I stopped this and tried this instead:

/mmfs1/gscratch/srlab/nextflow/bin/miniforge/envs/gatk4/bin/gatk GenotypeGVCFs \
--java-options '-Xmx350g' \
-R /gscratch/srlab/strigg/GENOMES/Apulcra-genome.fa \
-V gendb://GenomicsDB \
-L intervals.bed \
-O Apul_rnaseq_genotypes.vcf.gz \
>> "08-GenotypeGVCFs_stout.txt" 2>&1

*** this isn’t working because my input is VCF not g.VCF. so I need to use a different tool. I installed bcftools and will try that.

didn’t do this

#copy fq to klone to re-do methylseq with -0.6 AS 
rsync --archive --verbose --progress --include='*/' --include='*.fq.gz' --exclude='*' shellytrigg@gannet.fish.washington.edu:/volume2/web/gitrepos/urol-e5/timeseries_molecular/E-Peve/output/01.00-E-Peve-WGBS-trimming-fastp-FastQC-MultiQC .
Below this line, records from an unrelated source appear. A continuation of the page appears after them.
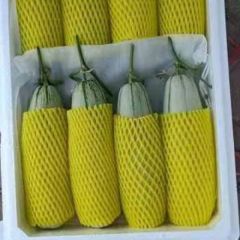 博洋系列甜瓜，六一，博洋九花蕾，18266570330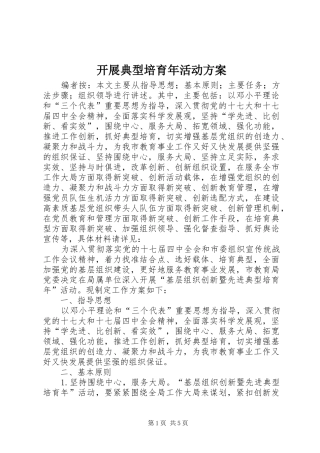 开展典型培育年活动实施方案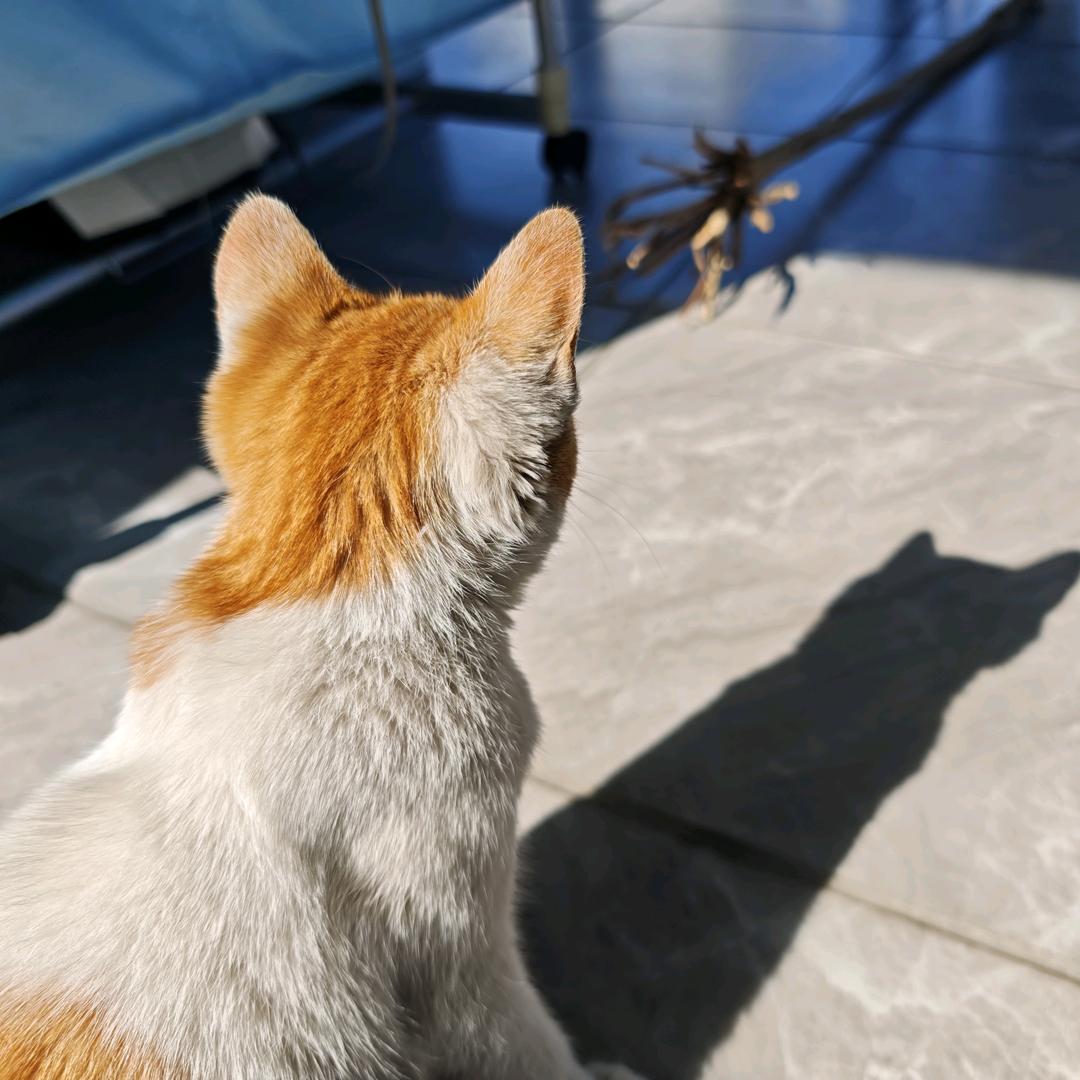 猫腾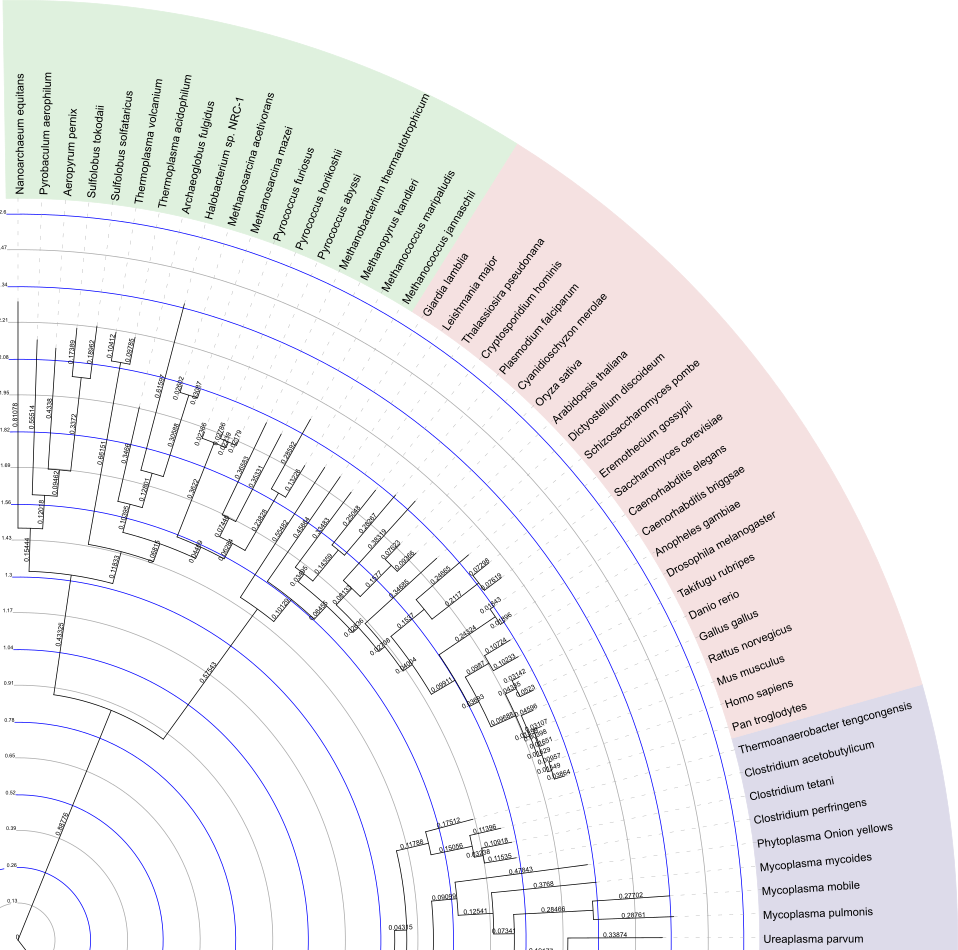 Branch Lengths And The Internal Tree Scale - Honda S2000 (958x950), Png Download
if I have data for genome variants, genome methylations, lncRNA expression, and miRNA expression, how can I determine which features and/or aspects of features (proximity to genes, within gene bodies, within repeat elements, etc) have the greatest effect on gene expression?